Everybody agrees outside factors will have to play a role in any vision that no one can now predict. The Quay property, Bayfront property where a commercial office and retail mall was torn down a decade ago in favor of a now defunct plan, has been in ownership flux for years, and until the property is sold to a new owner, it remains unclear what type of development will ever appear there. There remains anxiety that competing visions exist, and Chapman points out the 20:20 and Bayfront Now plans are in addition to the $400,000 Cooper Robertson plan.

"It's fascinating now that we could end up with three different Bayfront plans," she says. Atwell has encouraged the Bayfront Now group to work with 20:20 to incorporate their ideas with a broader community vision rather than trying to circumvent the process. “We need people working together, not against each other,” she says.

Of note, every plan for the Bayfront released thus far includes a relocation of the Mote Aquarium, a curious fact considering that while Mote officials have started exploring relocating the aquarium downtown, Mote spokesperson Nadine Smith says no specific plans have ever been discussed and the plans circulated now have never been formally endorsed by leaders at the aquatic research institution. Mote officials definitely do want to move the aquarium downtown, and have said so in visioning documents dating back to 2010. And Dan Bebak, Mote's vice president of Education, Aquarium and Public Outreach, said the Bayfront seems a choice place, in a general sense. No particular plot of land has been identified, and he said seeing plans circulate is a little like seeing plans for your new home drawn up before you ever telling someone what you’d like to see. As for what Mote does want, it needs the aquarium moved so researchers can expand into the existing City Island location, and wants a place with good foot traffic and frontage to draw in tourists and residents alike. “This is not something we are going to do in secret,” he stressed. “We want community input.” Mote has endorsed the 20:20 process, Bebak said, but that is it.

But for all the friction, there seems universal desire to see something at the Bayfront besides the Van Wezel parking lot. “We’re at an important crossroads,” Klauber says. “We need to be careful about our decisions. We are doing things that will affect the lives of our children and our grandchildren.” 

 

THE WORDS

Bayfront Technically any area overlooking Sarasota Bay, city officials typically use the term to refer to the Bayfront as the span of coast, some developed and some not, to the west of Downtown Sarasota.

Connectivity Creation of a more seamless connection between two geographic areas, such as between Downtown Sarasota andthe Sarasota Bayfront.

Cultural Park District 42 acres of city-owned area of property outlined in a 2003 master plan drafted by Cooper, Robertson and Partners for the City of Sarasota, as opposed to the broader areas including pubic property being looked at by the Sarasota Bayfront 20:20 group and private developers.

Downtown CRA The Downtown Sarasota Community Redevelopment Area, set up in 1986, raised redevelopment revenue through special tax increment financing within a defined part of the city. The Downtown CRA sunsets in 2016.

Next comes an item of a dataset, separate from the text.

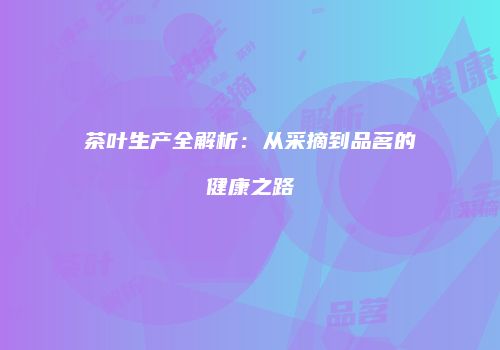 茶叶生产全解析：从采摘到品茗的健康之路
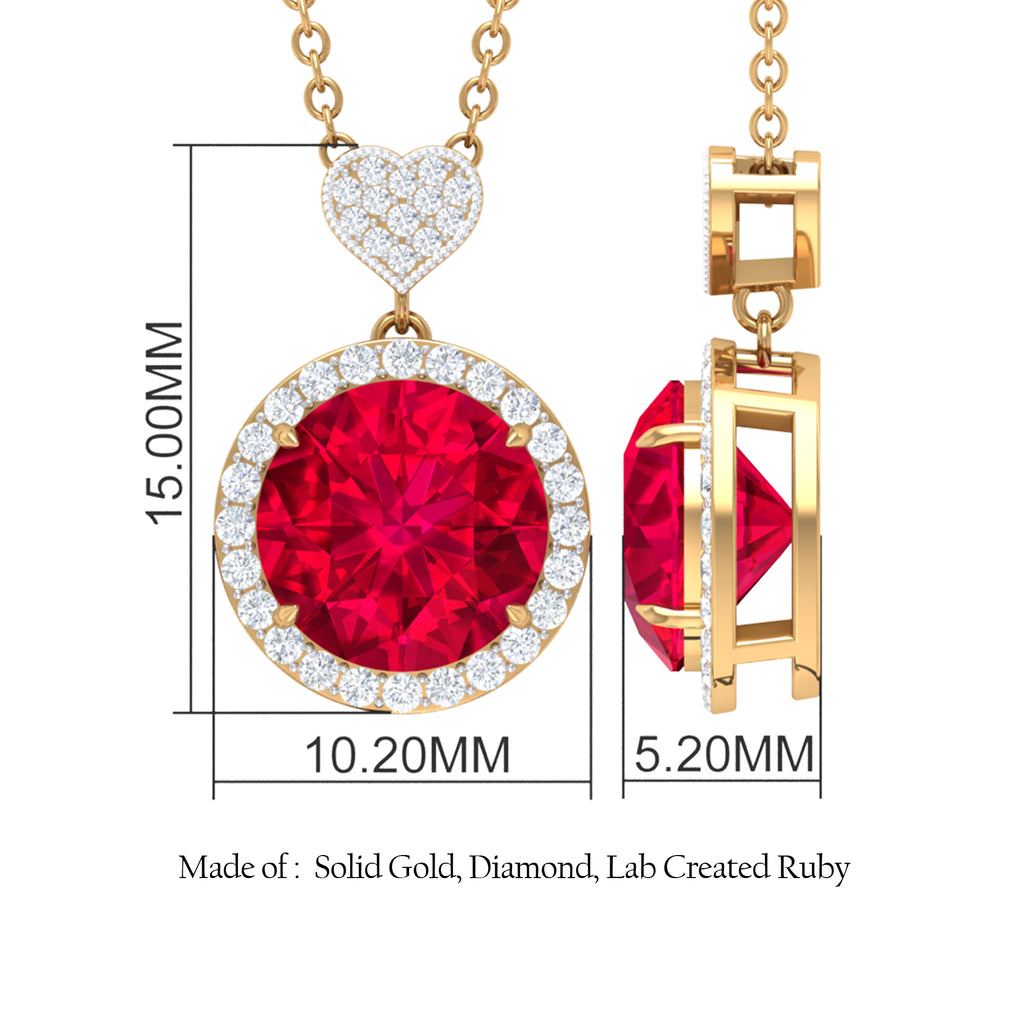 Created Ruby Halo Necklace with Diamond Heart Lab Created Ruby - ( AAAA ) - Quality - Rosec Jewels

Master Plan A formal plan for a region, usually commissioned through consultants by the city and drafted following a community visioning process, which lays out the way to ensure the greatest synergies from growth. Examples include Sarasota 2020 Downtown Master Plan and the Sarasota Cultural Park Master Plan.

Water Taxi Small ferries that can transport people across bodies of water. Being considered for Sarasota Bay by the city’s Urban Design Studio, Mote officials say a taxi could connect a downtown aquarium with visitors to St. Armands Circle.